The problem you need to solve here is pretty simple. You are give a function f(A, n), where A is an array of integers and n is the number of elements in the array. f(A, n) is defined as follows:

long long f( int A[], int n ) { // n = size of A

    long long sum = 0;

    for( int i = 0; i < n; i++ )

        for( int j = i + 1; j < n; j++ )

            sum += A[i] - A[j];

    return sum;

}

Given the array A and an integer n, and some queries of the form:

1)      0 x v (0 ≤ x < n, 0 ≤ v ≤ 10⁶), meaning that you have to change the value of A[x] to v.
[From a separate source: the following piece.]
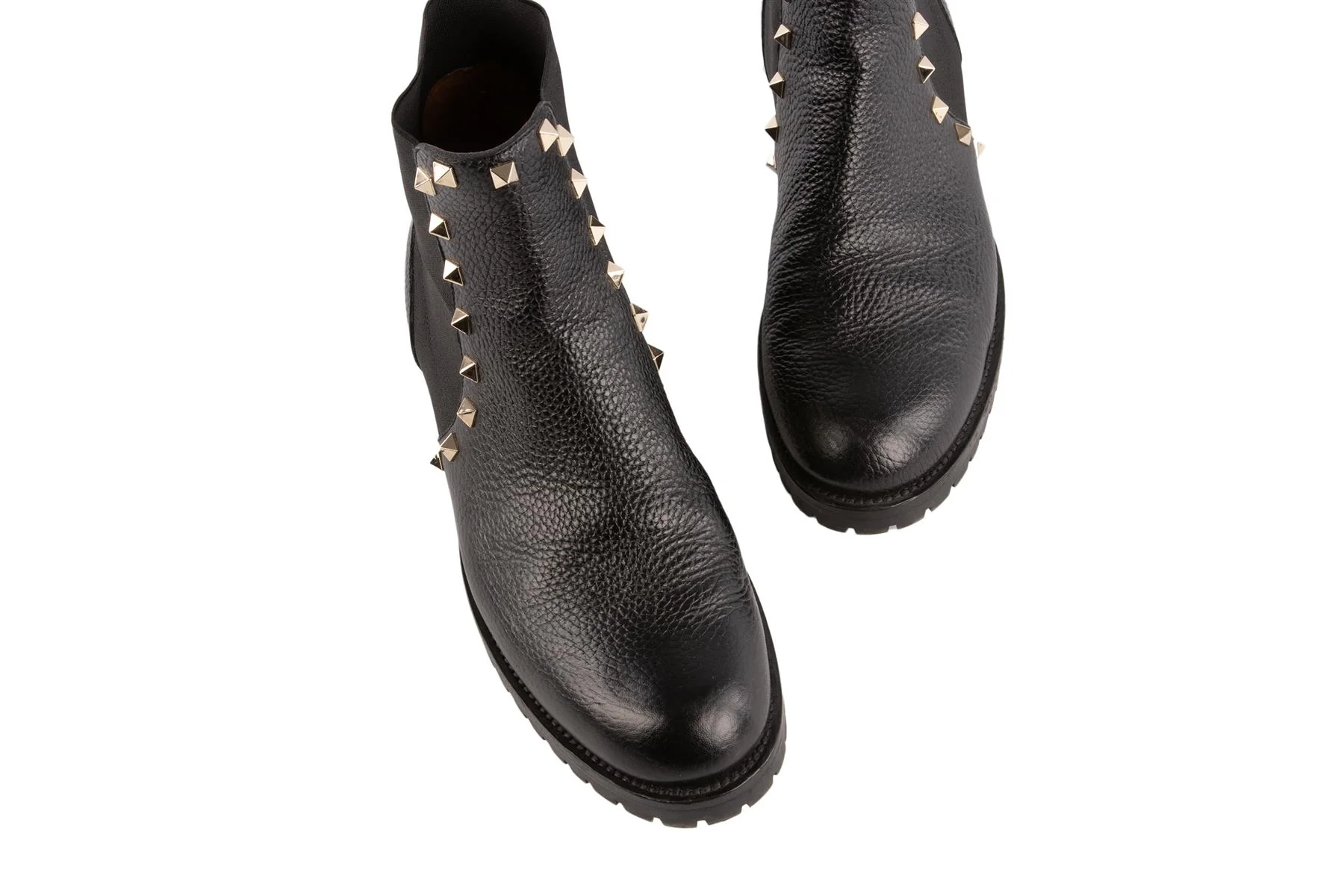 VALENTINO GARAVANI BLACK ROCKSTUD LEATHER ANKLE BOOTS EU 39 - Image 4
2)      1, meaning that you have to find f as described above.

Input

Input starts with an integer T (≤ 5), denoting the number of test cases.

Each case starts with a line containing two integers: n and q (1 ≤ n, q ≤ 10⁵). The next line contains n space separated integers between 0 and 10⁶ denoting the array A as described above.

Each of the next q lines contains one query as described above.

Output

For each case, print the case number in a single line first. Then for each query-type "1" print one single line containing the value of f(A, n).

Sample Input	Output for Sample Input
1 3 5 1 2 3 1 0 0 3 1 0 2 1 1	Case 1: -4 0 4

Note

Dataset is huge, use faster I/O methods.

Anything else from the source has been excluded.